Dr.Sumner taught ESOL and history at his school. One day, his students came to him and shared that “they felt segregated.” Class after class, they saw only English Learners in the seats next to them. They wanted to “be more integrated” with other students. So he thought about it and he came up with a new model for history at the school, a combined history and English class that would be called Synthesis and be co-taught.
He went and pitched it to his administration and the next fall, he and a special education teacher were co-teaching the class. That first year, almost all of the students were English Learners. Most were male. Almost all were brown. When he looked around, he realized the class was almost as segregated as the class he had created it to replace.
So he went back to his administration and argued for more diversity in the class. The next fall, it was a bit better.

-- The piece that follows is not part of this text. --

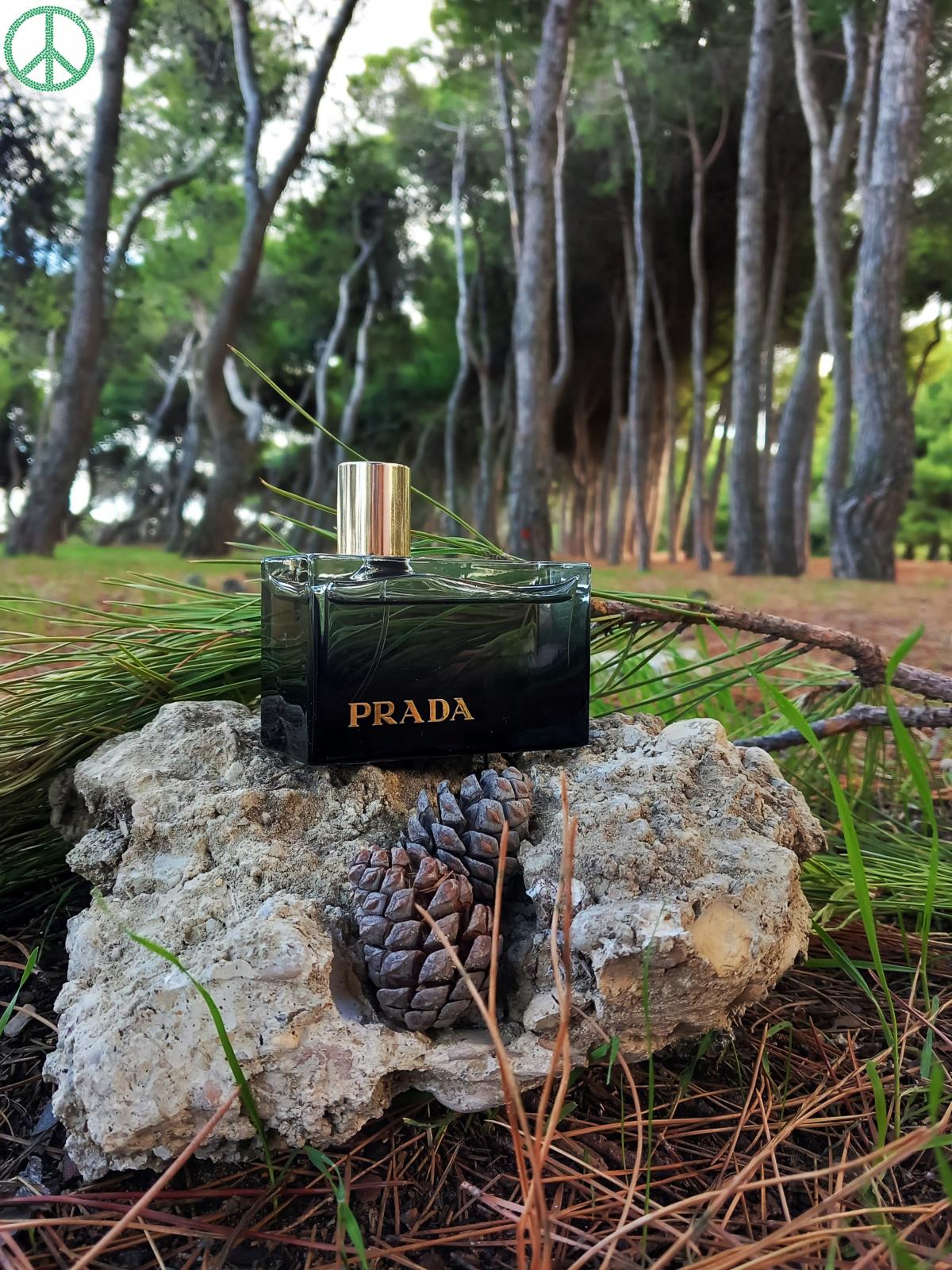 تصویر عطر لو آمبره پرادا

And the fall after that, even better– an even mix of students with disabilities, students learning English, and students who were neither– with the option of students earning honors credit if they wanted.
Like Ms. Holmes, Dr. Sumner didn’t have blinders about what was really happening at his school. He paid attention and, when his students pointed out a problem, he had an idea. It took Ms. Holmes years to get the first version of her class going, but he got administrator buy-in right away. Or he thought he did. When that first class began though, it was pretty segregated. So, like Ms. Holmes, he was persistent. He went back to administration and kept advocating for what he believed was right. Both teachers were persistent– they didn’t give up at the first road block and went back to administrators over and over again.
They also both sold the program, whether it was to co-teachers and colleagues or to prospective students. And they both compromised and found ways around opposition. For her, the compromise was in the design for the course. For him, it was in finding ways to balance everything the course needed to be from state test prep to IEP goal meeting with the project-based course he wanted to design.
- Sebastian, R. (2021). How One School District’s Inequitable “Yale or Jail” Tracking System Began to Change. The High School Journal, 105(1), 60-79.
Sebastian, R. (2023). The path to change: How change-making teachers create bottom-up reforms. Phi Delta Kappan.